**INSTRUCTIONS FOR THE TASK**
Give the data below again exactly as written, but without the pictures.

**DATA SHOWN**

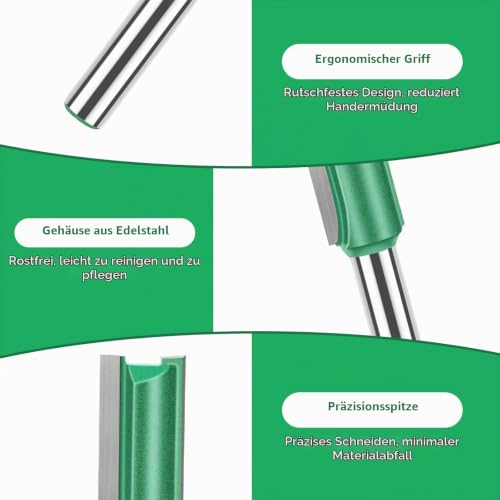 Set of 6 Milling Cutter for Router Set, Groove Cutter Set with 8 mm Shank, Precision Wood Cutter for Routers, 3 mm, 4 mm, 5 mm, 6 mm, 7 mm, 8 mm for Grooves, Rebates and Wood Connections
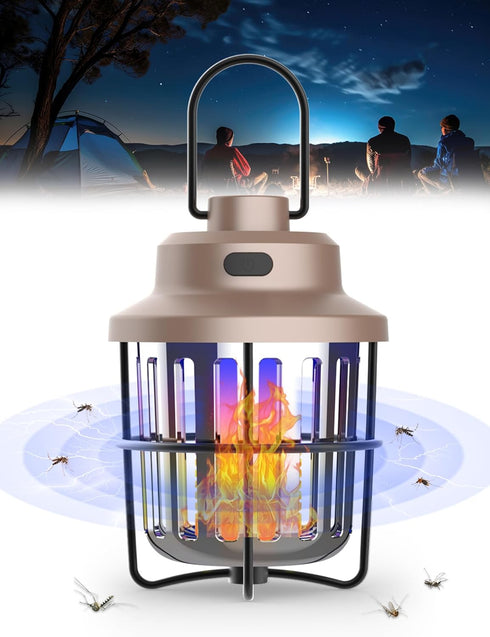 Bug Zapper Outdoor Camping Light Flashlight with Mosquito Zapper, Portable & Rechargeable Flying Insect Killer Lantern, IPX4 Waterproof Indoor and...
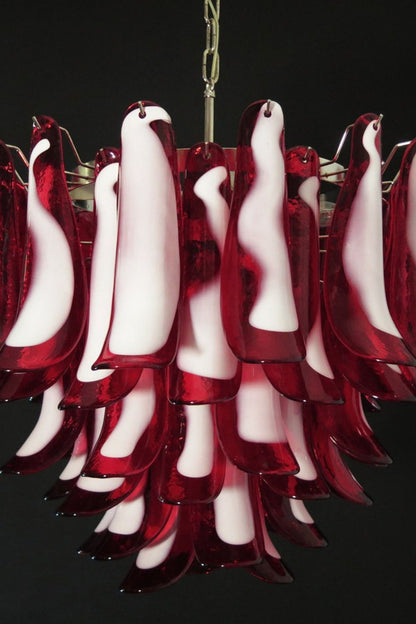 Red Art Glass Petal Chandelier - view 10 | everlamps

**PROBLEM SOLUTION**
 Set of 6 Milling Cutter for Router Set, Groove Cutter Set with 8 mm Shank, Precision Wood Cutter for Routers, 3 mm, 4 mm, 5 mm, 6 mm, 7 mm, 8 mm for Grooves, Rebates and Wood Connections
 Bug Zapper Outdoor Camping Light Flashlight with Mosquito Zapper, Portable & Rechargeable Flying Insect Killer Lantern, IPX4 Waterproof Indoor and...
 Red Art Glass Petal Chandelier - view 10 | everlamps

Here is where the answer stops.